The physical layer handles the efficient modulation and simple modulation needs, sending and receiving techniques, alongside the frequency selection, signal detection, carrier frequency generation and data encryption. It is important to make a good choice of modulation scheme so that reliable communication becomes possible within the network.

The data link layer within the network protocol multiplexes data streams, detection of data frames, error controls and medium access. Medium Access Control functions to limit the possibility of collision with other broadcasts. The data link layer ensures that power efficiency gets well maintained and routes the data which the transport layer supplies. The network layer ensures power efficiency within the node alongside the data routes that the transport layer institutes. The transport layer maintains data flow when the network sensor requires that the data flow be maintained. The transport layer becomes helpful when the network gets accessed through an external network or through the internet.
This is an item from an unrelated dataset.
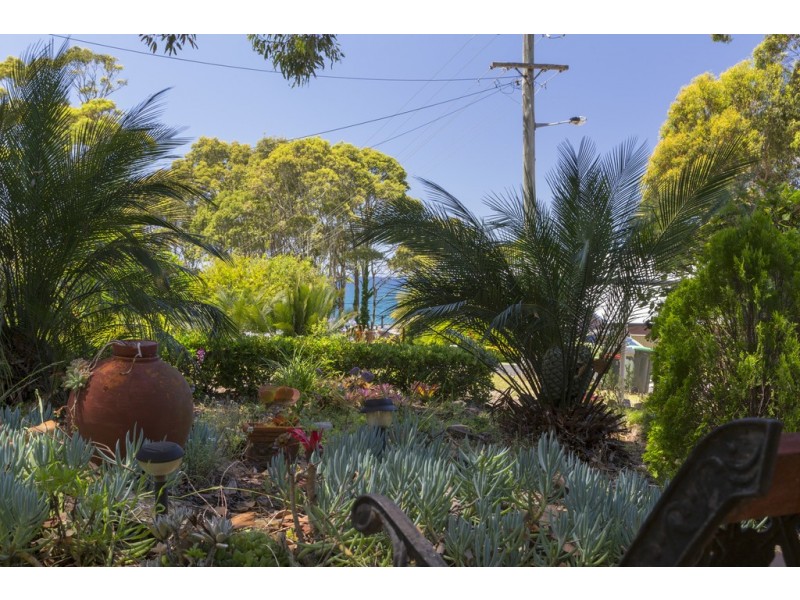 2 Baringa Cres, Lilli Pilli NSW 2536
The application layer might generate various application software that augurs with the tasks at hand. Power management planes monitor the power; mobility movement monitors the movement, and task management planes monitor the tasks distributed within the sensor nodes. The three planes allow the sensor nodes to coordinate tasks, thus reducing the power consumed.

2.3 Motivations

Wireless Sensor Networks have several areas of application not limited to environmental monitoring, military and health sectors. The popularity of wireless networks made the growth occur, and it is expected to occur in several other sectors. Energy constraint limits the applicability of Wireless Sensor Networks. Variations in energy levels reduce the network lifetime, and additional effort is needed to make its use efficient. The energy consumed within the network’s sensor nodes ought to be reduced.

Research conducted in Wireless Sensor Networks designed sensor network algorithms that consume little power. Other research focused on sensor node coverage areas, using localized k coverage and centralized algorithms. The algorithms indicated that a network gets reconfigured to reduce the energy wasted based on the network size. Game theory applications increased in wireless sensor network designs. The report applied the use of game theory for wireless sensor networks. Different research papers were published between 2003 and 2013 regarding the application of game theory for wireless sensor networks. Different game theory methodologies are applied in the development of wireless sensor networks.

Cooperative game theory studies a rational player’s behavior using analytical tools when the players cooperate, and the behaviors of all players are considered. Non-cooperative game theory heavily applies in wireless sensor networks. Non-cooperative game theory exhibits the purchase, sale or utilize goods by the nodes depending on the virtual market prices. Nodes maximize the profit potential by engaging in different actions. The profitability attained by a node depends on the action’s success. Non-cooperative game theory success depends on a single utility rather than the efforts of the entire network. Cooperative game theory might attain Pareto-optimal performance, thus raising the payoff within the network without utilizing excessive power and resources. Apart from non-cooperative and cooperative game theories, repeated game theory relates to dynamic games, whereby a game is played severally, and the participants view the previous outcomes before engaging the future games.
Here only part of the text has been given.